Thursday, January 27, 2011

The Work Could Literally Kill Me

At least I've managed to avoid the dangerous, deadly jobs like:

* coal miner
* Green Beret
* tyrannical leader on the eve of a coup
* deli counter
* child care worker
* anything retail
* bullet quality assurance tester

Instead I push massive amounts of paper around my desk from the wee hours of the morning (11am) until late, late at night (6pm, hmm sometimes 4pm). The paper starts in pretty, colourful files on the left side of my laptop. Then I cautiously move one or two to the right of the laptop. If the paper is sharp, I'll slice a sheet across the tops of my fingertips until I cry. That sheet will get tossed into the shredder. Once I've dealt with the information on the paper lacking a killer instinct, it'll be returned to the file. That file with the completed work... is SPECIAL!

I dance like a paper cut injured loon around the room with the completed work. It's so rare! So done! My professional career is made whole!

Then I have a cup of tea (PG Tips, 3 sugars, stirred counter-clockwise). Maybe I'll look at cat videos.

After my recuperative break, it's back to the files on the left side of the laptop.

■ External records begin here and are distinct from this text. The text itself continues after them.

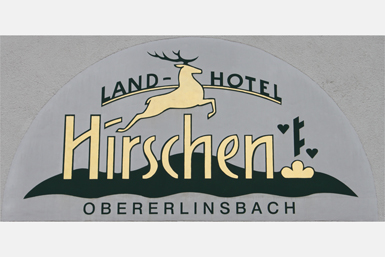 Akzente mit Gold im Firmenschild des Landhotels Hirschen in Erlinsbach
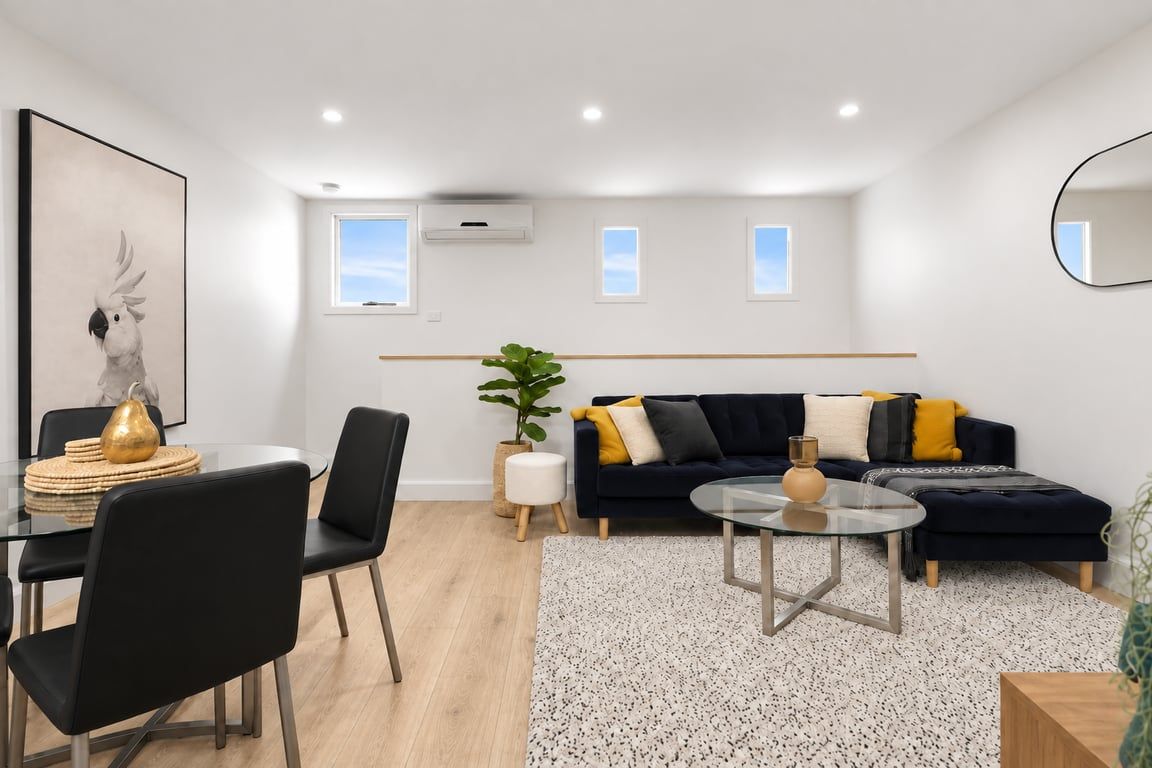 Una sala de estar moderna con un sofá negro, una mesa de centro de vidrio y un comedor con una mesa y sillas de vidrio.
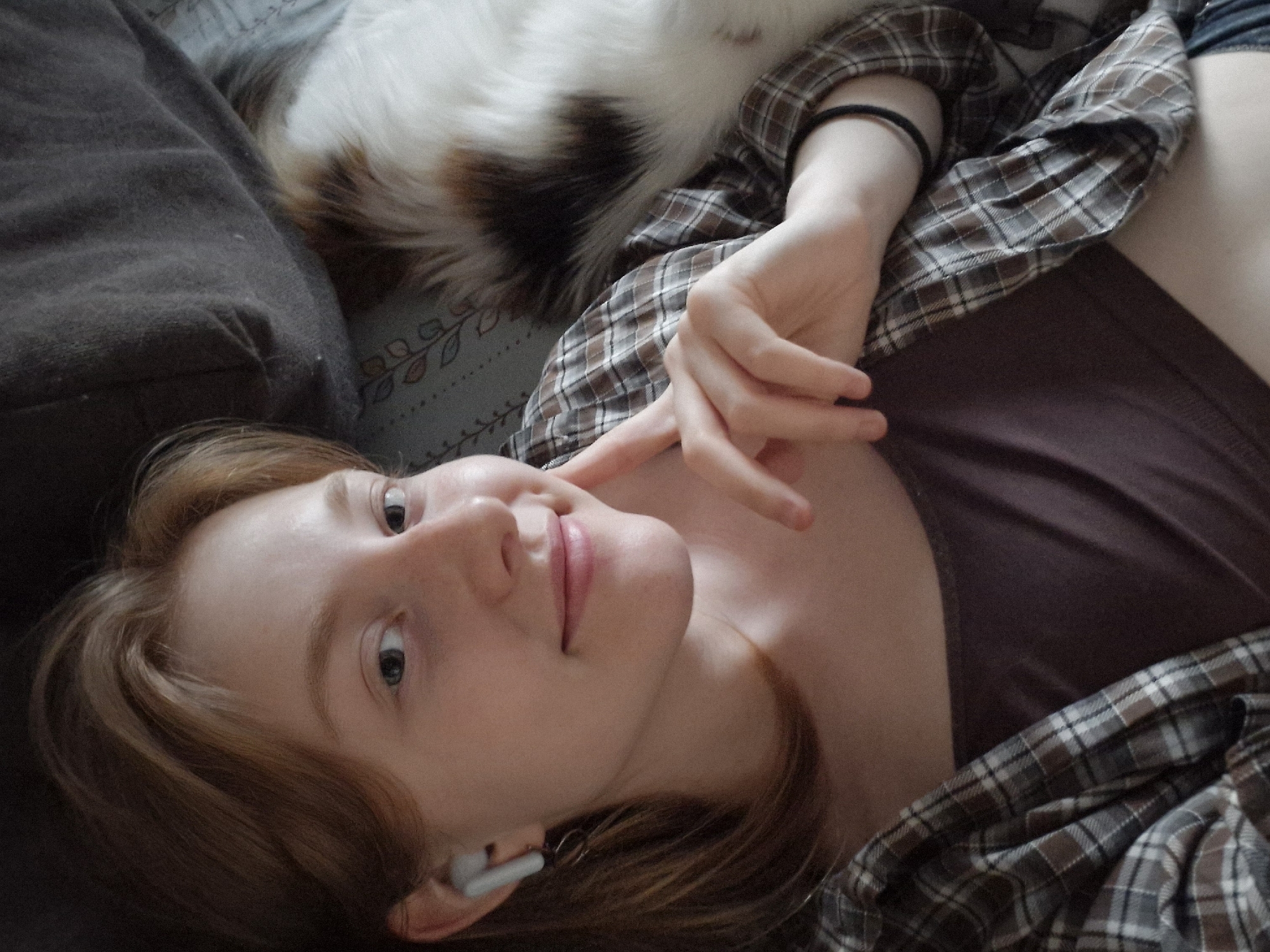A young woman lies on a bed with a brown pillow to her left and a white and brown cat above her. She wears a brown t-shirt and a plaid button-down shirt. An earbud is in her left ear, and her left hand is near her face. The bedding underneath has a floral design. The city of Yekaterinburg, Russia, is not discernible from this image.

Repeat the papercuts, the completions, the dancing, the tea, the cat video watching.

Finally, all the files are located on the right of the laptop and this signals the end of my professional work day.

Phew! Exhausting!

(Warning: I is plumper than this but I don't like to brag. Oh plumpity plumpness!)

There is always a Beginning


Beginnings mean a start, a new and fresh story to tell and share with innumerable complete and utter strangers. 

This is mine and it's not bad. In fact, it could be more worser.

Today I planned to:

* finish a fucking huge pile of work. There it is: sitting in front of me, begging me to hurry up and take my thumbs out of my plumb ass and get started. Instead, I headed to the internet and started a blog.

* clean my tiny, stinky apartment. There it is: as malodorous and messy as yesterday. And the day before that, truth be pulled reluctantly from me. 

* exercise: core training to be exact. It says so in my sparkpeople schedule of cardio and strength training for Thursday. But I was grabbed on my way to the balance ball and forced to nap by a pair of miscreant pillows! Not my fault!

* finish a fucking huge pile of work... oh, I typed that already. Poo. That was the most important part of my day.  

But, dear readers, could I claim that It Could Be More Worser? 

Pretty easy, actually. But I won't dwell on my past career in Retail Hell. Or the Pure Hate I feel for certain people in my family (Hi Absent Daddy!). Or my pathetic lack of a sex life. 

Although the odds are, I will. I will dwell in horrible, technocolour detail that will make any party animal socialite head to a far away cave and live like a hermit. Should be fun.